紙の目のトラブル!

以前「紙の特性を深堀してみる!」でも触れたのですが、紙には「紙の目」というものがございまして、製造過程で紙の繊維が一方向に並ぶ紙の目と呼ばれるものが存在します。

製本ではこの紙の目を理解して作らないと、失敗やトラブルの原因となってしまいます。

逆目で製本してしまうと開きにくい本になります。また開いた時にノド側に力がかかる為、壊れやすくなったり、製本強度が落ちる原因にもなります。

紙は空気中の水分を吸ったり吐いたりしています。紙は水分を吸うと紙の目に対して直角方向に延びます。製本過程では、糊や接着剤を使用しますので、紙が水分を吸って伸びます。ノド側に逆目の紙を貼ると、延びる方向が違うのでシワの原因になったりします。

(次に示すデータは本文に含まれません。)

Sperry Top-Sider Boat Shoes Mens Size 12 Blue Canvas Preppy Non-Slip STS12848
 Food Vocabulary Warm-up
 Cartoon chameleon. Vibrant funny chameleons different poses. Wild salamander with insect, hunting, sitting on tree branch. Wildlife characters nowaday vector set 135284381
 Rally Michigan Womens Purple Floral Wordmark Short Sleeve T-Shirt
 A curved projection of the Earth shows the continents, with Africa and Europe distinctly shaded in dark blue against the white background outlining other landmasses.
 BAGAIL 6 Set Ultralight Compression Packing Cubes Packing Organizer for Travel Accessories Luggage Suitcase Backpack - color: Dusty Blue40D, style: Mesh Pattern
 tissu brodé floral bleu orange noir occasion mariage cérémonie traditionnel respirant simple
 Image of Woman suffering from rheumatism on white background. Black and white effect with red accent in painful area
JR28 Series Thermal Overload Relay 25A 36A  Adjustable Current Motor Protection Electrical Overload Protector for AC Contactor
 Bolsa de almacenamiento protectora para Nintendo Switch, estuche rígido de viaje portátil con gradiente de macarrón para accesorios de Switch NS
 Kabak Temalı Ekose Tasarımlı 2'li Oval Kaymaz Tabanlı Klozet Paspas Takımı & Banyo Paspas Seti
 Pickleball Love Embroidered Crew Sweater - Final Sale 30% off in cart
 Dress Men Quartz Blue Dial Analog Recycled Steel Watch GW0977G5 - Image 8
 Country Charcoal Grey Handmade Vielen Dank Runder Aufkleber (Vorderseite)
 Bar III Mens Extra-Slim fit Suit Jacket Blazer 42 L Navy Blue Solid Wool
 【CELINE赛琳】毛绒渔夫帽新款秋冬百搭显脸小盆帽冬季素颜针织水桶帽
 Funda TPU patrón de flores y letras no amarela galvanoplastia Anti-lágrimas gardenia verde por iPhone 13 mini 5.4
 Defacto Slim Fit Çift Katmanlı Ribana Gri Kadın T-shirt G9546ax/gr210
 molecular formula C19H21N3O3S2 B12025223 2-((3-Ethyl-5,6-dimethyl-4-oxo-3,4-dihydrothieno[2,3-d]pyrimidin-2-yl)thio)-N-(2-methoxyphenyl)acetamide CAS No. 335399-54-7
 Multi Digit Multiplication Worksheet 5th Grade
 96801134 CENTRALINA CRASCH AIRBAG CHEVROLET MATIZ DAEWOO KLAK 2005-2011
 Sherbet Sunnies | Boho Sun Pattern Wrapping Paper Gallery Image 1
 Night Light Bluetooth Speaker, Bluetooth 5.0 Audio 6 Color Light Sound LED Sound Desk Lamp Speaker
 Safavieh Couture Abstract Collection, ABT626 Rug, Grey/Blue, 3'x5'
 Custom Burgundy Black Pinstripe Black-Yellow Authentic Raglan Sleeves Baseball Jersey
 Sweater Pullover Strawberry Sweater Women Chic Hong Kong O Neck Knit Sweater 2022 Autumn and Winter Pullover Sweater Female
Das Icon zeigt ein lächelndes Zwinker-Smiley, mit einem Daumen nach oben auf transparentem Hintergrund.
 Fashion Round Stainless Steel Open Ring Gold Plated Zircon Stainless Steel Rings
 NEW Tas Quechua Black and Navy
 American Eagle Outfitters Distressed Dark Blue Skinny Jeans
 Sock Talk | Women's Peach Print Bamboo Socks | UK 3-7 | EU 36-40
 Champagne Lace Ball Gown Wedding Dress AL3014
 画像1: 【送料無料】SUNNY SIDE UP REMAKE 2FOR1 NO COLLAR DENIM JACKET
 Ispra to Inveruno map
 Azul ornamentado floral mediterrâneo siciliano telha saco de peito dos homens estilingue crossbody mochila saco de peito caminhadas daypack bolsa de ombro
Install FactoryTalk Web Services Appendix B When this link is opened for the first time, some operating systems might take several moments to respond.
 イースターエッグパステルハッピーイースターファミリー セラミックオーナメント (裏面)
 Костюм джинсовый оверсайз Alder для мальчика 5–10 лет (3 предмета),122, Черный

無線綴じの場合、逆目の紙を綴じると、しばらく時間がたってから紙が乾燥していき、縮むことによって接着部分に隙間が生まれ、剥離が起きるトラブルにもなったりします。

逆目の紙を誤って2つ折りにしたり、表紙に使用したりすると、背割れが発生し、インクが剥げて白くなり、クレームにつながることもあります。折ったり、綴じたりする前に必ず紙の目を確認する必要があります。

寒い日が続いてますが、冬のこの時期ですと、出来立ての本をエアコンの前に置いておくと、急激に紙が乾燥し縮んで、本が反ったり波うちをすることがありますので、保管の仕方にも注意をしましょう。